Researchers aim to use a virus to carry corrective DNA into cells at the back of the eye as a therapy for the most common cause of blindness in young people.

A gene therapy treatment for the most common cause of blindness in young people is being tested in a group of British trial patients.

X-linked retinitis pigmentosa (XLRP) is currently incurable and leads to slow and irreversible vision loss.

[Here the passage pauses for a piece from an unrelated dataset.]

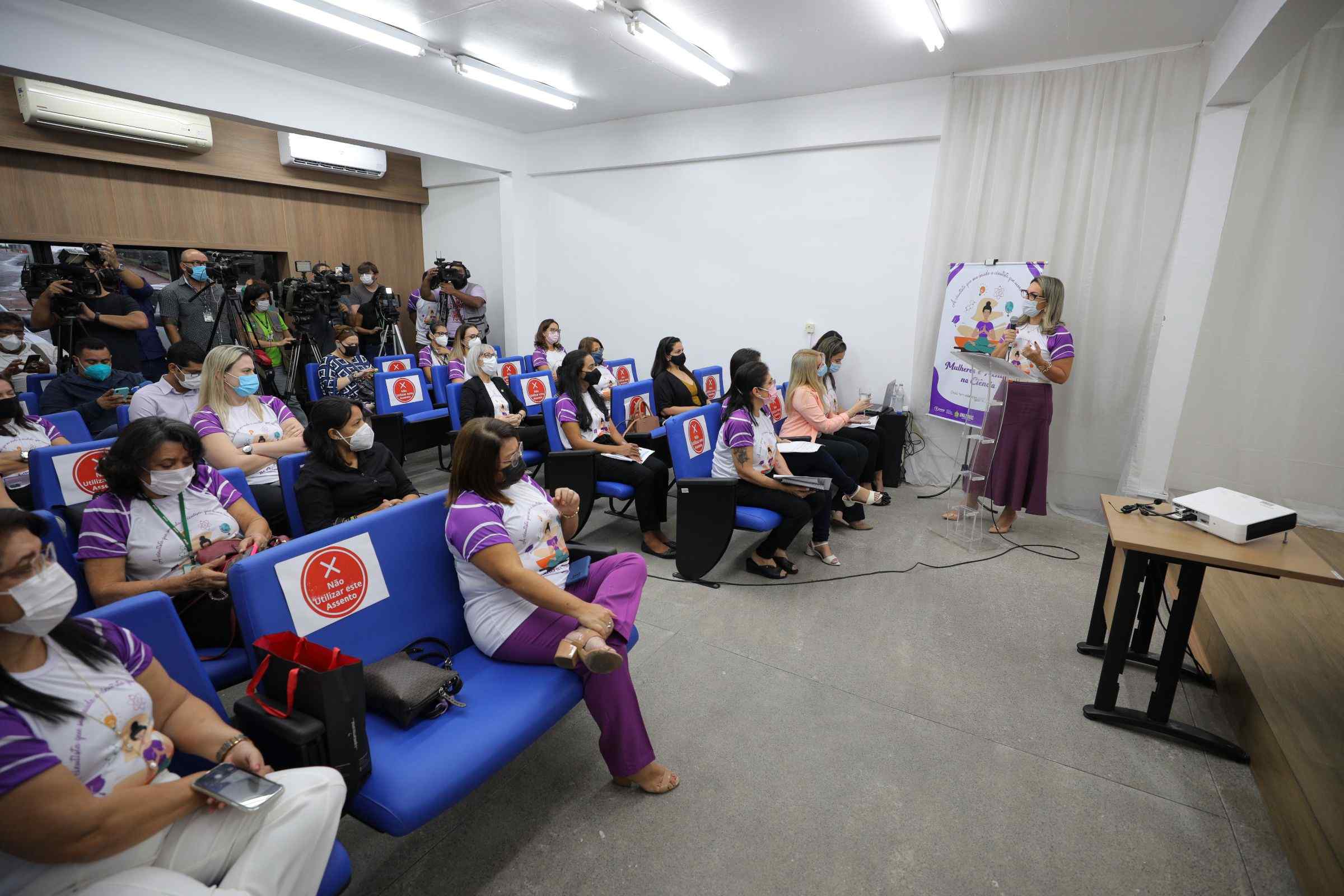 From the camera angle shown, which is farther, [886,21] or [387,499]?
[886,21]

On March 16, a 29-year-old man became the first patient to undergo the gene therapy procedure at Oxford Eye Hospital.

The trial team hopes to recruit up to 30 patients for the study, which is designed to assess safety and tolerability rather than effectiveness.

The aim is to use a virus to carry corrective DNA into cells at the back of the eye.

To make the treatment work, scientists have to reprogram a gene called RPGR to make it more stable while not affecting its function.

The instability of RPGR in the retina has previously been a major obstacle to developing gene therapy for the condition.

Trial leader Robert MacLaren, Professor of Ophthalmology at Oxford University, said: "The effect of RPGR-related disease on families with retinitis pigmentosa is devastating and we have spent many years working out how to develop this gene therapy.

"Changing the genetic code is always undertaken with great caution, but the new sequence we are using has proven to be highly effective in our laboratory studies."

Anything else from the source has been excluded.